Wenn sie je „Fun-Punk“ gewesen waren, hatten sie ihn nun endgültig überwunden. Und Punkrock als Form gleich mit.
Waren die „Hooligans“ noch eine rumpelige HipHop-Anverwandlung, verleibten sich die Zitronen in den kommenden Jahren spröden Jazz, Elektronik, No Wave und etliches mehr ein, entwickelten neben ihrer Musik auch ihre Inszenierung als Band weiter. 2000 war dann das Jahr, in dem Schorsch Kamerun ans Theater kam. Am Deutschen Schauspielhaus in Hamburg inszenierte er Hubert Fichtes Die Palette, mit dabei unter anderem Jens Rachut, Sänger legendärer Hamburger Punk-Bands wie Blumen am Arsch der Hölle, Dackelblut und Oma Hans. Weitere Inszenierungen folgten. Im Juli 2009 inszenierte er Leonard Bernsteins Oper Trouble In Tahiti an der Bayrischen Staatsoper.

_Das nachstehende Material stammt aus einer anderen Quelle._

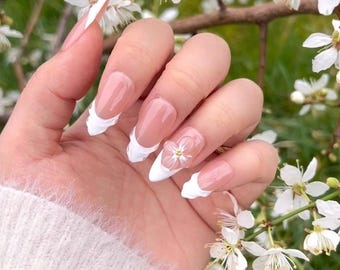 May include: Close-up of a hand with white french manicure nails with a white flower accent on one nail.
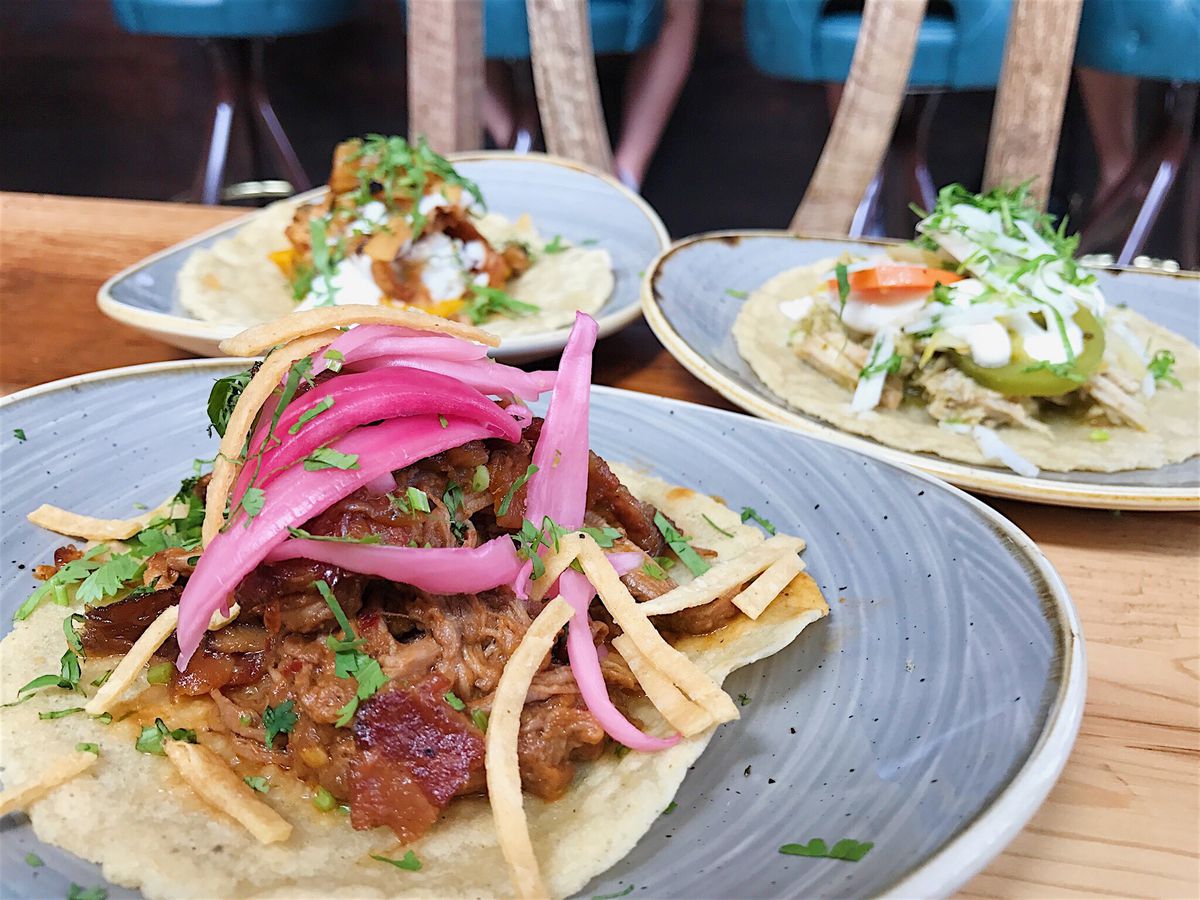 Close up of a taco topped with pickled onions; two plates with tacos in the background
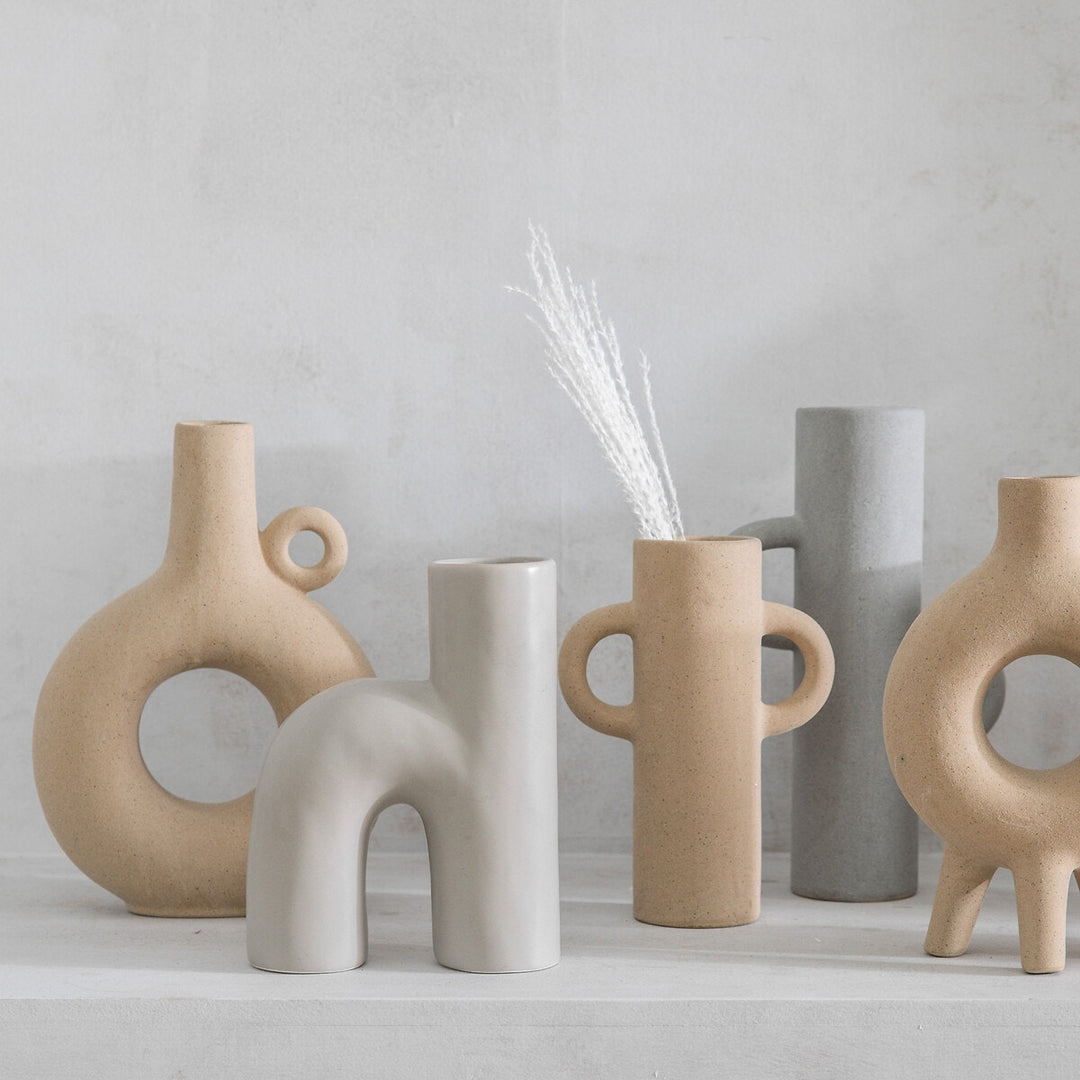 Small Sigga Vase by Cornucopia Home and Gift, oatmeal-colored ceramic gallery vase with a smooth finish and modern design.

Der Weg zum Musiktheater führte für Kamerun eher über Hanns Eisler, Kurt Weill und Bertolt Brecht als über Mozart, Puccini oder Verdi.
Was einerseits auch Einfluss auf die Arbeit mit der Band hatte, die Arbeit mit Gästen, Kostüme, die Erweiterung des Vokabulars, Einflüsse aus Minimal Music und Neuer Musik. Zur Seite des Theaters hin mit der Zeit aber auch die Beschäftigung mit klassischer Musik mit sich brachte – bis hin zu Bach. Oder eben Purcell. So etwas wie Werktreue spielt da allerdings wenig überraschend keine Rolle: Formen zu sprengen, zu collagieren, eigene Lieder einzuarbeiten, das muss schon drin sein. „Ich glaube, mich kann man nur an die Oper holen, wenn man etwas Spezielles vorhat“, sagt Kamerun. „Mich müssen die Themen interessieren, und da ist King Arthur natürlich cool.“ Polarisierungstendenzen in der Gesellschaft, das Schüren von Angst, Populismus – das sind Dinge, die Kamerun schon länger beschäftigen.
„Die Themen haben sich gar nicht so sehr geändert, aber in der Form ist es natürlich anders, gebrochener.“
Nicht zuletzt ist es wohl genau dieses Bestehen auf gesellschaftlichen Fragen, für die es immer wieder neue Formen zu finden gilt, das eine Konstante in Schorsch Kameruns künstlerischen Aktivitäten bildet. Und dass das auf sehr interessante Weise nerven kann wie ein Song der Goldenen Zitronen, hat dann schon noch was mit Punk zu tun.